Xcel has asked state utility regulators to let it switch Minnesota electric customers to variable rates, which on summer weekdays would be seven times more expensive from 3-8 p.m. than between midnight and 6 a.m., and nearly twice as expensive as all other hours.
If approved, the plan would be a monumental change from the flat rates currently used by the Minneapolis-based power company. The potential shift, first reported by Energy News Network, is meant to ease pressure on the electric grid when demand is highest, help the utility better use wind power generated at night, and give customers more control over their power bill.
Xcel is already transitioning to what are known as time of use rates in Colorado and the company says a test run in the Twin Cities showed promising results. The average customer saved a small amount of money.
Still, one expert who supports the dynamic pricing concept said Xcel’s rate design would be an outlier nationally for the significant gap between peak rates and off hours, and he predicted the proposal would invoke a backlash.

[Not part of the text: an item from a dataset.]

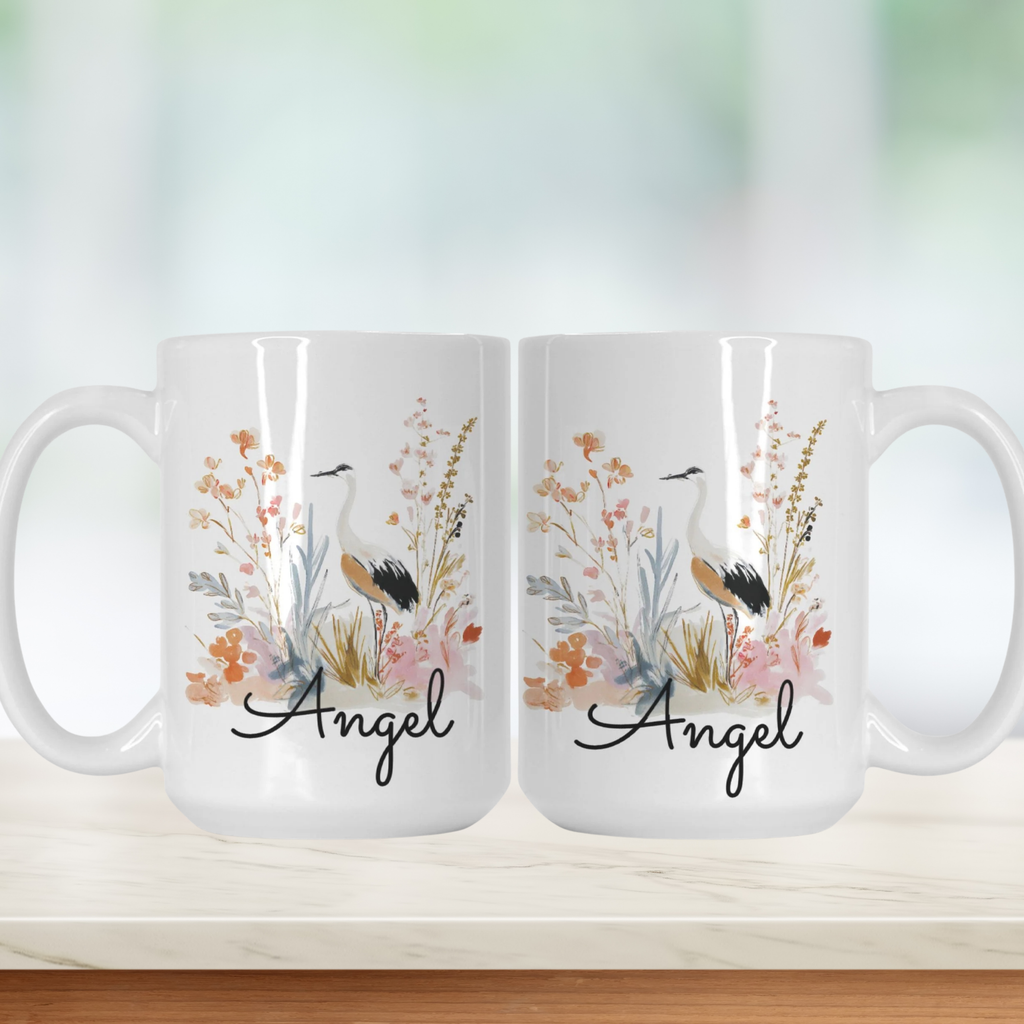 Two white mugs with floral and bird design on a light background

“It seems honestly to me to be a blunder waiting to happen,” said Ahmad Faruqui, a California-based energy and rate design economist with 40 years of industry experience.
How the rates would work
If the Minnesota Public Utilities Commission (PUC) approves Xcel’s plan for its 1.3 million electric customers, the company’s highest price for energy use would be from 3-8 p.m. on weekdays.
Xcel would charge its cheapest rates from midnight to 6 a.m. every day. There would be a middle “base” rate for all other hours. That base rate would be more expensive than Xcel’s current flat rate from June to September. But it would be cheaper the rest of the year.